Using LingPipe's named entity models

LingPipe has a few named entity models that we can use with chunking. These files consist of a serialized object that can be read from a file and then applied to text. These objects implement the Chunker interface. The chunking process results in a series of Chunking objects that identify the entities of interest.
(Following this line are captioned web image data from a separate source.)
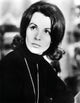 The Haunting 1963 photo print featuring Claire Bloom in a classic horror scene.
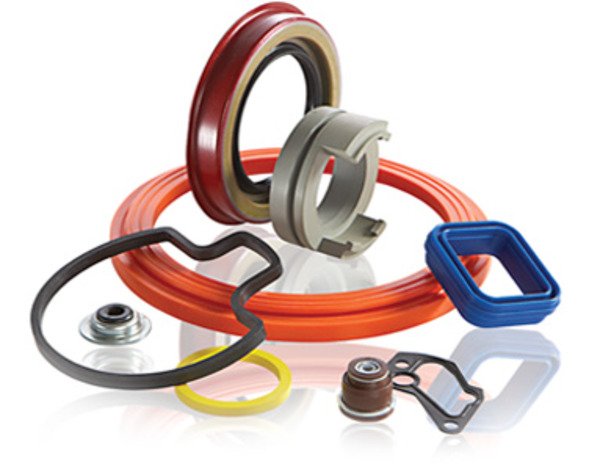 LDPE Gaskets and Seals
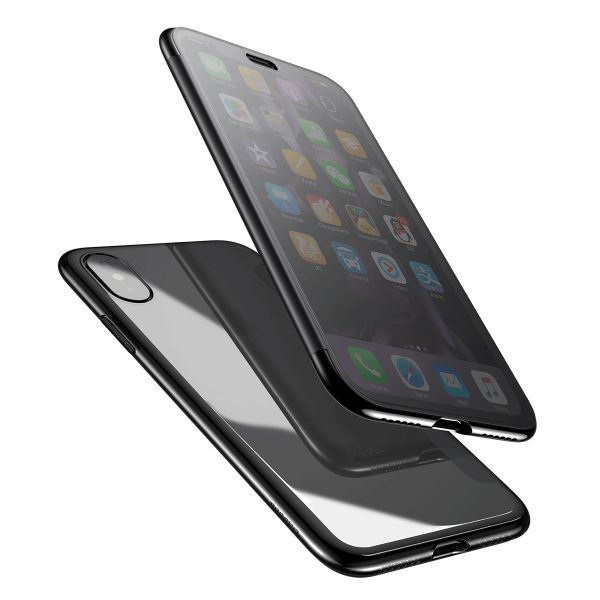 Baseus Touchable Case for iPhone X &amp; XS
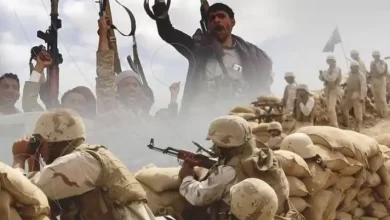 إعلان نهاية الحرب في اليمن خلال الساعات القادمة عقب موافقة هذا الطرف على حل الملفات العالقة 8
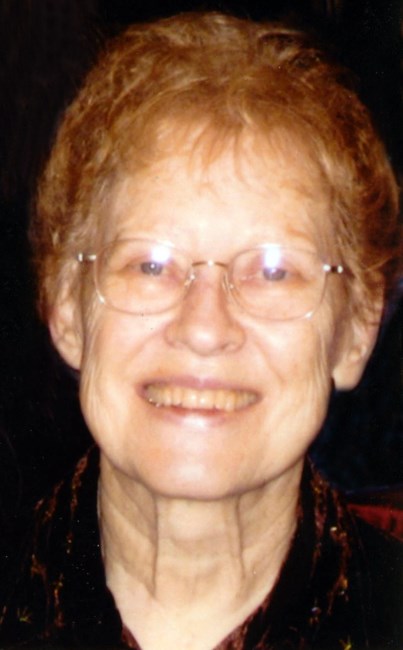 Obituary of Betty L. Bonanno
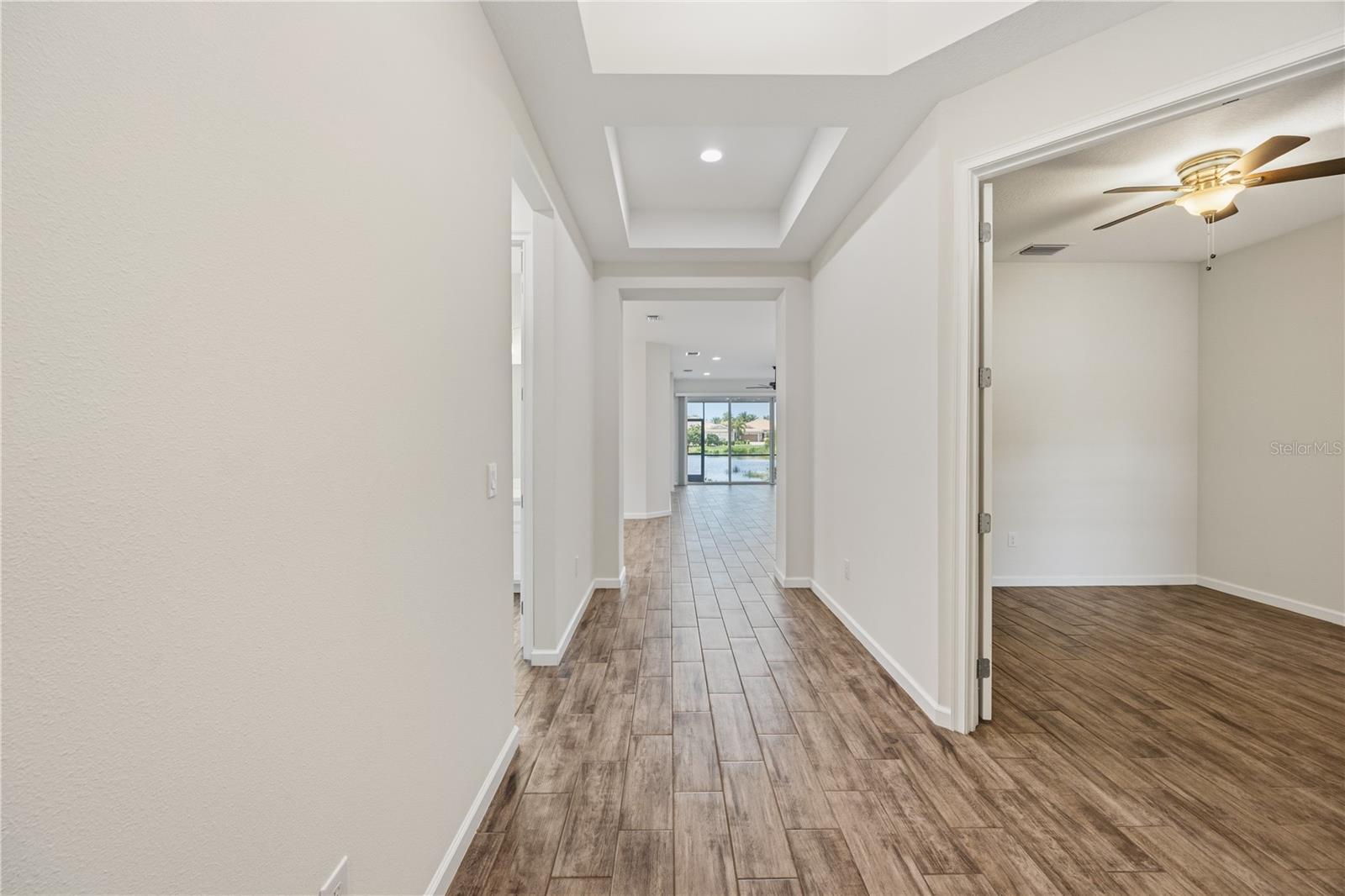 SUNRISE PRESERVE - Residential
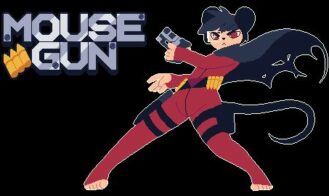 Mousegun cover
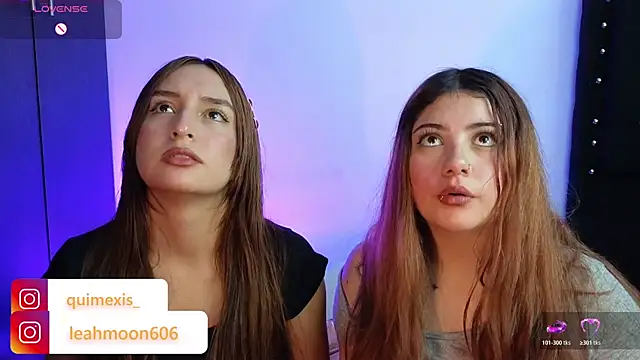 Quimexis online show from 03-06-26, 08:49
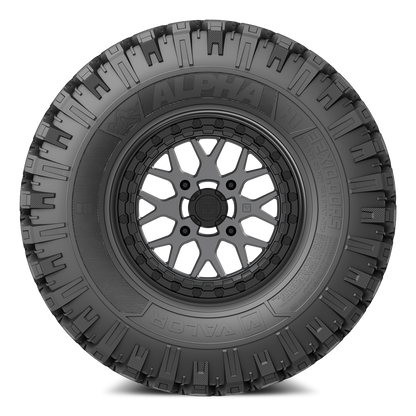 Alpha on 15x7 V07 SG - Valor Offroad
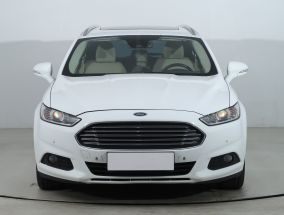 Ford Mondeo - 2018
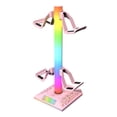 thumbnail image 1 of Soporte Controlador RGB 10 Efectos para Juegos Gamepad, 1 of 3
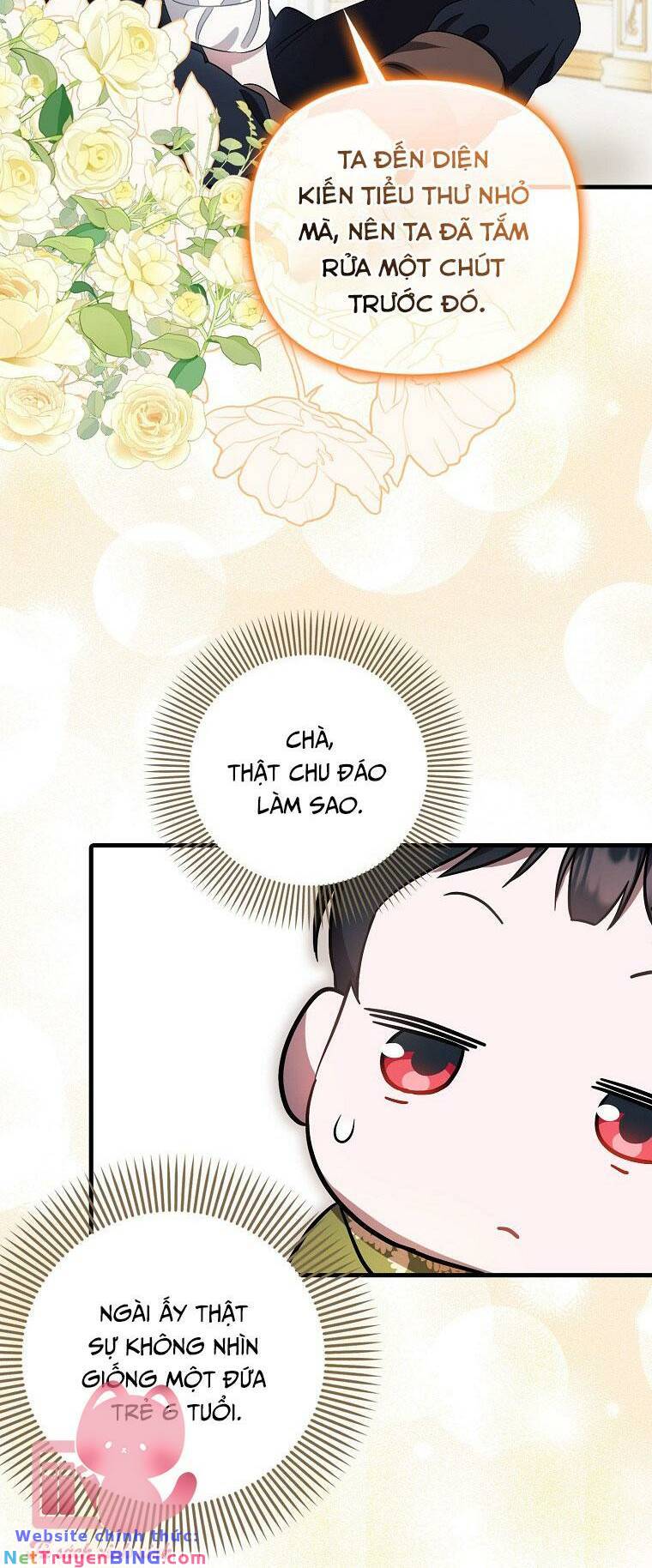 Lần Đầu Tiên Được Yêu Thương chapter 7 29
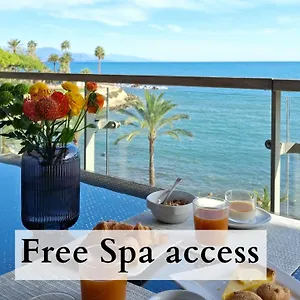 Royal - Luxury Hotel, Residence, Beach & Spa Antibes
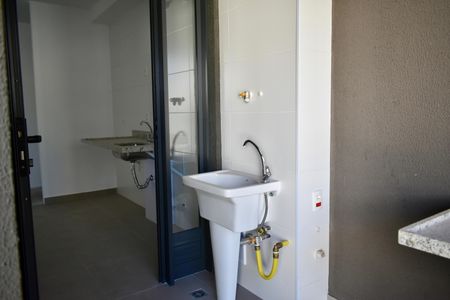 Apartamento à venda com 69m², 2 quartos e 1 vagaÁrea de Serviço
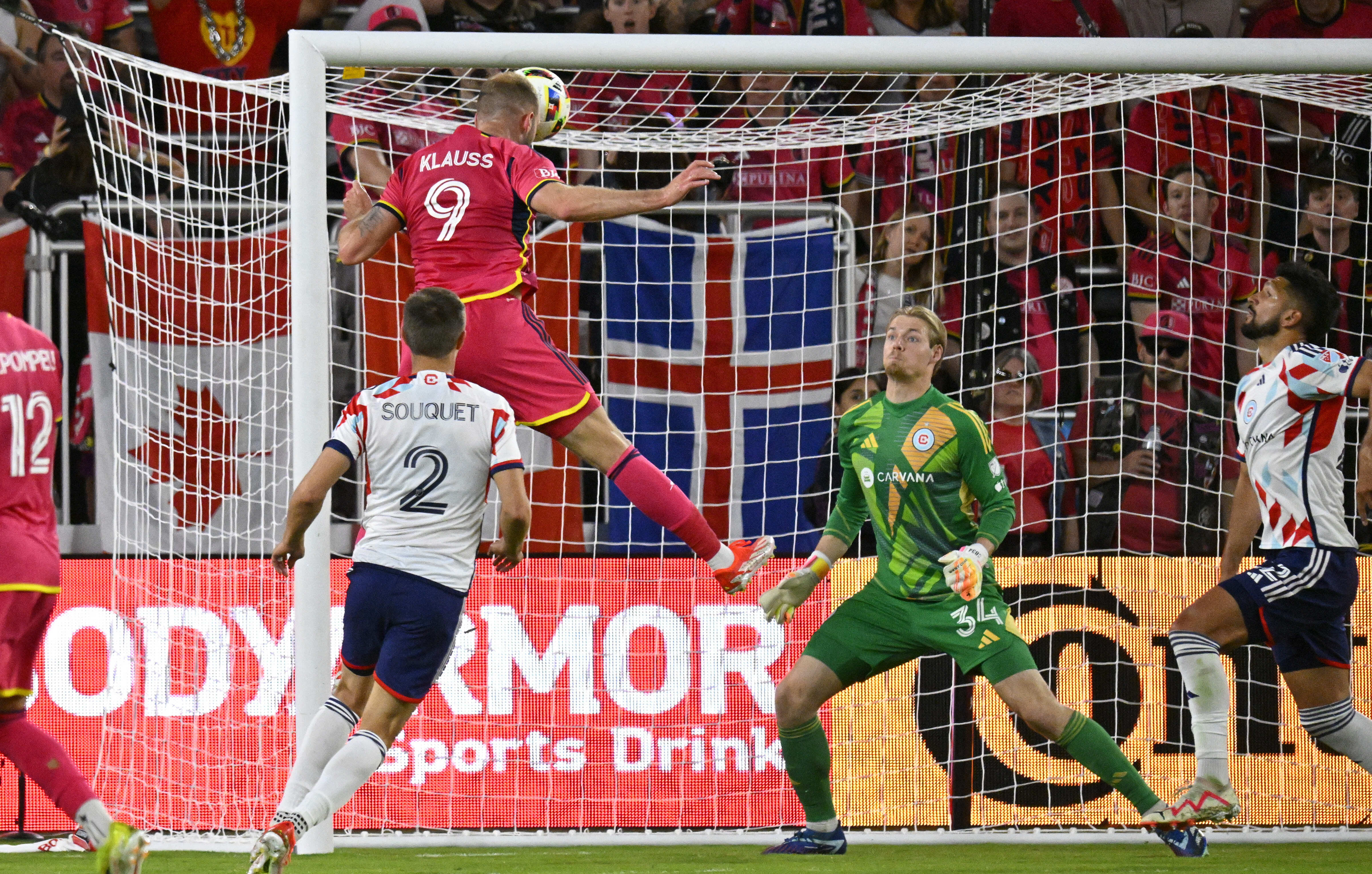 Cincinnati vs St. Louis City prediction, odds & betting tips – 05/19/2024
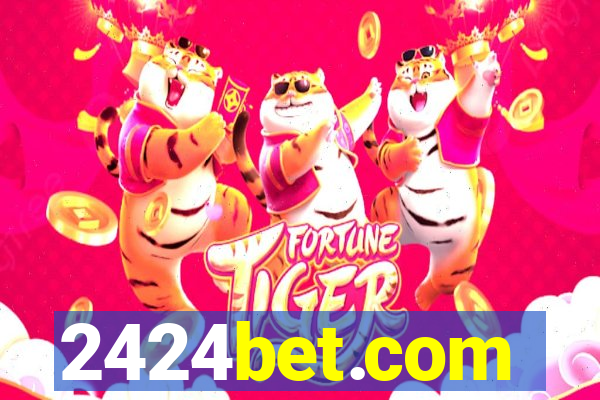 2424bet.com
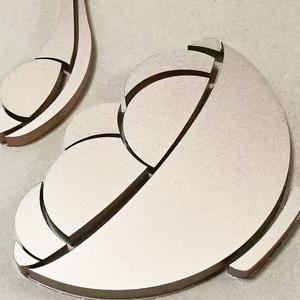 Yüksek Kaliteli ve Üst Düzey Açık Hava Metal Reklam Panoları, Yenilikçi Tasarımlarla Her Türlü Mağaza İçin Uygundur - Product Image 5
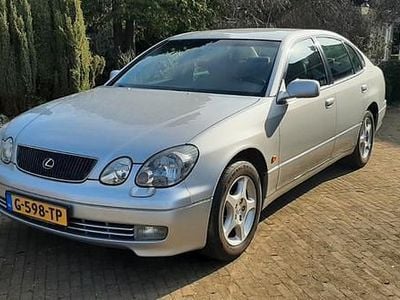 Occasion Lexus GS300 228 PK (167 kW) 1998 Sedan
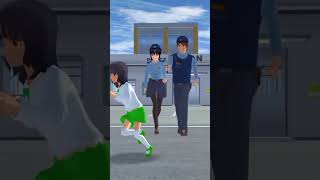 cartoon Game 🎯🎯sakuraschoolsimulator sakuraschoolsimulator sakurachannel sakura gaming shorts [upl. by Ferwerda]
A list of NER models is found in the following table. These models can be downloaded from http://alias-i.com/lingpipe/web/models.html:

Genre

Corpus

File

English news

MUC-6

ne-en-news-muc6.AbstractCharLmRescoringChunker

English genes

GeneTag

ne-en-bio-genetag.HmmChunker

English genomics

GENIA

ne-en-bio-genia.TokenShapeChunker

We will use the model found in the ne-en-news-muc6.AbstractCharLmRescoringChunker file to demonstrate how this class is used.
We will start with a try...catch block to deal with exceptions, as shown in the following example. The file is opened and used with the AbstractExternalizable class's static readObject method to create an instance of a Chunker class. This method
will read in the serialized model:

try { 
    File modelFile = new File(getModelDir(),  
        "ne-en-news-muc6.AbstractCharLmRescoringChunker"); 
     Chunker chunker = (Chunker)  
        AbstractExternalizable.readObject(modelFile); 
    ... 
} catch (IOException | ClassNotFoundException ex) { 
    // Handle exception 
} 

The Chunker and Chunking interfaces provide methods that work with a set of chunks of text. Its chunk method returns an object that implements the Chunking instance. The following sequence displays the chunks found in each sentence of the text, as shown here:

for (int i = 0; i < sentences.length; ++i) { 
    Chunking chunking = chunker.chunk(sentences[i]); 
    System.out.println("Chunking=" + chunking); 
} 

The output of this sequence is as follows:

    Chunking=Joe was the last person to see Fred.  : [0-3:PERSON@-Infinity, 31-35:ORGANIZATION@-Infinity]
    Chunking=He saw him in Boston at McKenzie's pub at 3:00 where he paid $2.45 for an ale.  : [14-20:LOCATION@-Infinity, 24-32:PERSON@-Infinity]
    Chunking=Joe wanted to go to Vermont for the day to visit a cousin who works at IBM, but Sally and he had to look for Fred : [0-3:PERSON@-Infinity, 20-27:ORGANIZATION@-Infinity, 71-74:ORGANIZATION@-Infinity, 109-113:ORGANIZATION@-Infinity]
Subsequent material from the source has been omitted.